Based on the above logic, we can summarize the current mainstream parallel computing public chain scheme into the classification structure shown in the following chart:
From a broader perspective of scaling, sharding and rollup (L2) focus on system horizontal scaling through state segmentation or off-chain execution, while parallel computing chains (such as Monad, Sui, Solana) and actor-oriented systems (such as AO, ICP) directly reconstruct the execution model to achieve native parallelism within the chain or at the system layer. The former improves in-chain throughput through multi-threaded virtual machines, object models, transaction conflict analysis, etc.; the latter takes the process/agent as the basic unit and adopts message-driven and asynchronous execution to realize the concurrent operation of multiple agents. In contrast, sharding and rollups are more like "breaking the load down to multiple chains" or "outsourcing it to off-chain", while the parallel chain and actor model "unlocks performance potential from the execution engine itself", reflecting a more thorough architectural evolution.

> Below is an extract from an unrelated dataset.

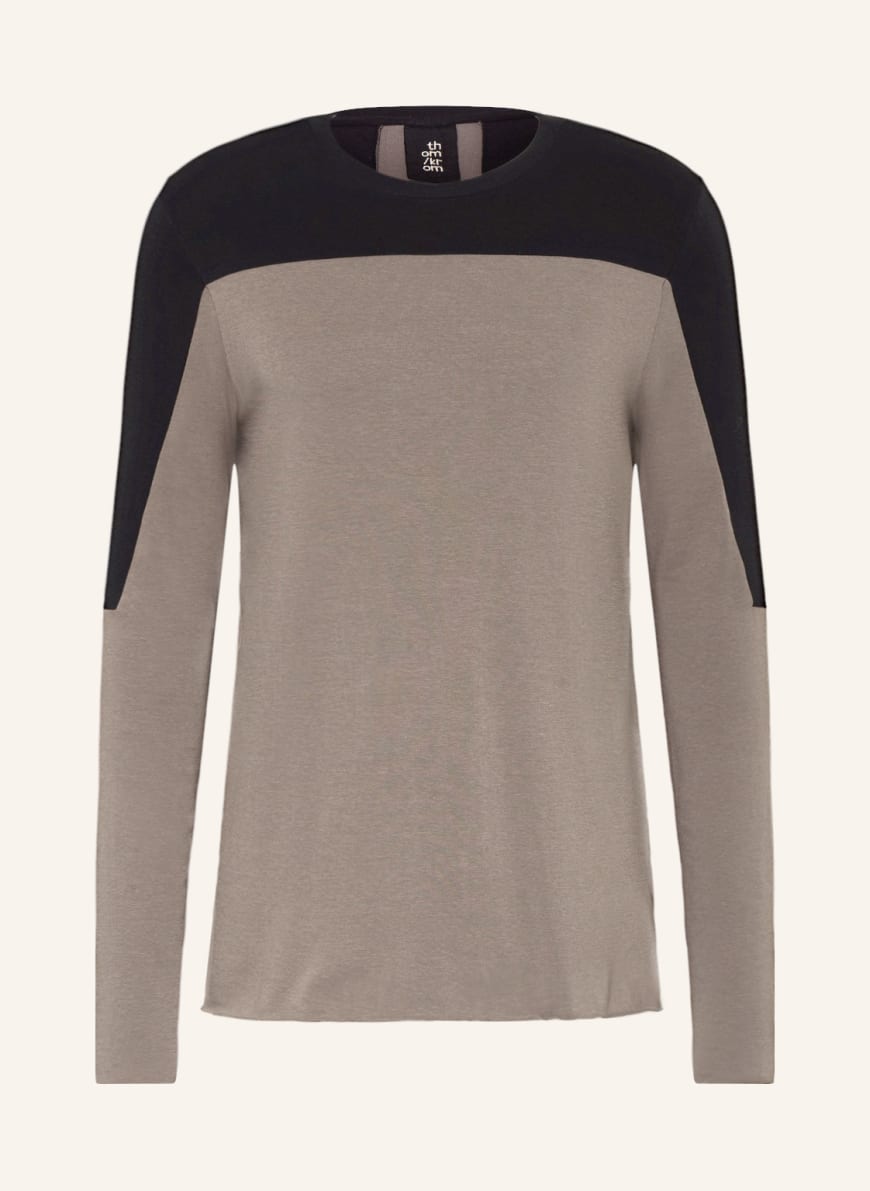 thom/krom Long sleeve shirt, Color: BLACK/ LIGHT BROWN(Image 1)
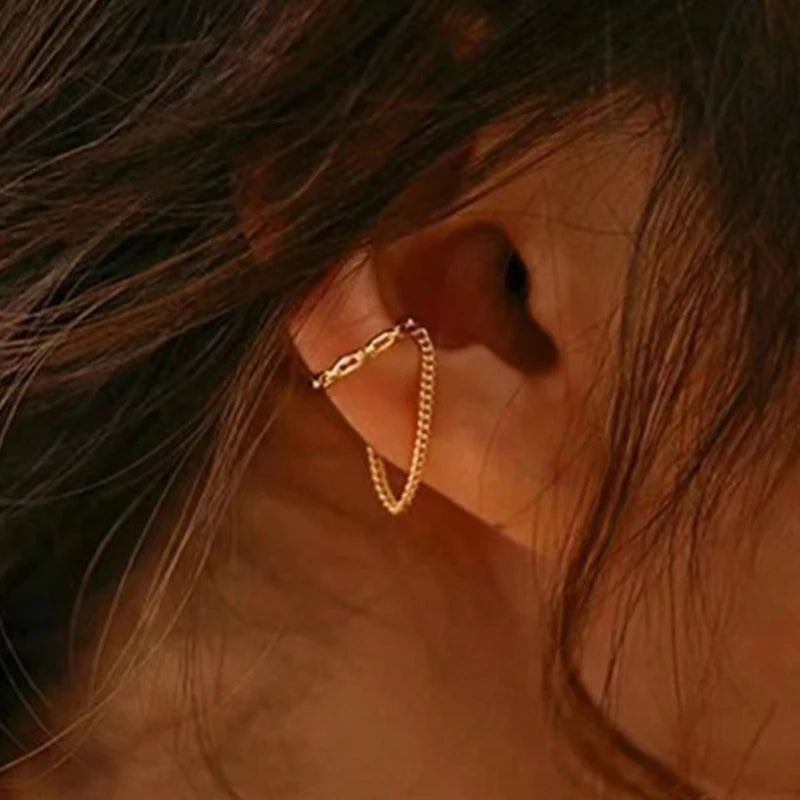 Punk Style Non-Piercing Ear Cuff - Irregular Geometric Metal Fake Cartilage Earring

Parallel Compute vs Sharding Architecture vs Rollup Scaling vs Actor Oriented Scaling Path Comparison
Although the overall developer ecosystem is still difficult to compare with the EVM-based Solidity system, projects represented by Solana and Sui have become the core public chains that the market is highly concerned about with their high-performance execution architectures and the gradual prosperity of ecological applications.
In contrast, although the Ethereum Rollup (L2) ecosystem has entered the stage of "ten thousand chains simultaneously" or even "overcapacity", the current mainstream EVM-based parallel enhancement chains are still generally stuck in the testnet stage and have not yet been actually verified by the mainnet environment, and their scalability and system stability still need to be further tested. Whether these projects can significantly improve EVM performance and promote ecological transitions without sacrificing compatibility, or whether they will further differentiate Ethereum's liquidity and development resources, remains to be tested.